Maximising Profit through Customer Perception
A friend gave us a $59.99 gift card for a handy service I enjoy using – they send items via slow mail (one to three days) and I send them back. At any given time I can have two items. At the end of two months this would move into the standard plan costing $19.99 per month with an option to select the three item plan for $29.99. Item supply can be sped up by ticking a ‘prenotification’ return box to signal its in the return mail – another item is supplied on the promise. No late fees.
It’s a good business model and they have access to my card so any fines and fees are automatically deducted. On their end it offers reasonable security and the most they’re up to lose from somebody is an item or two.
But in the last two weeks before that cusp of change between gift card recipient and ‘fully enlisted consumer’ there seemed to be a slight change in the supply line. Call me a cynic but the MBA (Master of Business Administration) program tunes you into profit maximisation strategies so my ‘paydar’ went up.
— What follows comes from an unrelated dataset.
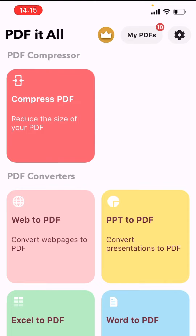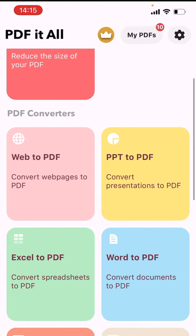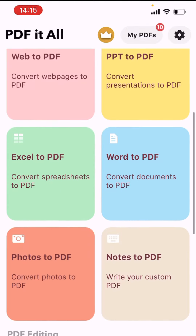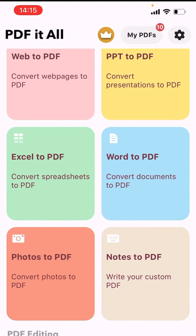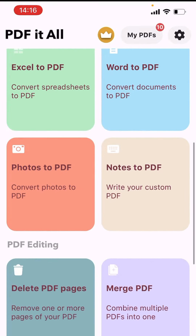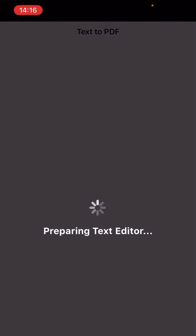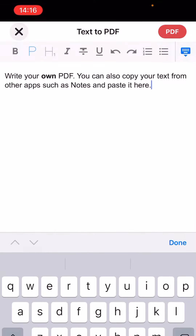Looking at my screen now, you can see the things that this app can do. At the top you can see 'Compress PDF' — that is reducing the size to whatever size you want. Then websites to PDF, PPT presentations to PDF, Excel to PDF, and even your photos you can convert to PDF. You can even make a text of your own notes to PDF — just open it, type the note you want, type everything, and click OK and click the PDF icon.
Here is a simple way to covertly influence that business model to improve the plan conversion selection. In the first six weeks you would honour the pre-notification and send items that arrive as close to the next-day as often as possible. This gives the perception of constant supply. Note that the objective is conversion to the $29.99 plan rather than the standard $19.99 plan. This process has the added benefit you can more easily identify ‘power users’ from those who would only use the item on weekends (or irregularly).
Power users will tend to use the item on arrival and prenotify to receive a constant stream.
In the final two weeks before converting automatically onto the $19.99 plan you would slow supply by providing a larger percentage of items in three days (rather than one day). This affects the perception of the power user who obviously likes the service but may ‘feel unsatisfied’ by the quantity of goods supplied. Bingo. And instead of honouring the pre-notify functionality on the website you quietly send the new items as you receive the returns. This creates ‘controlled dissatisfaction’ at a crucial conversion point specifically for the power user who is more likely to commit to the higher $29.99 plan.
It’s not that hard to manipulate customer perception in these business models and it’s exactly the sort of thing managers build in when profit maximisation is the driving force behind the business.
A better idea is to see your business as ‘filling a social need not met by government’. The up side of filling that need well is that people give you money. Don’t always make it about the profit margin… make it about a driving need to improve customer satisfaction.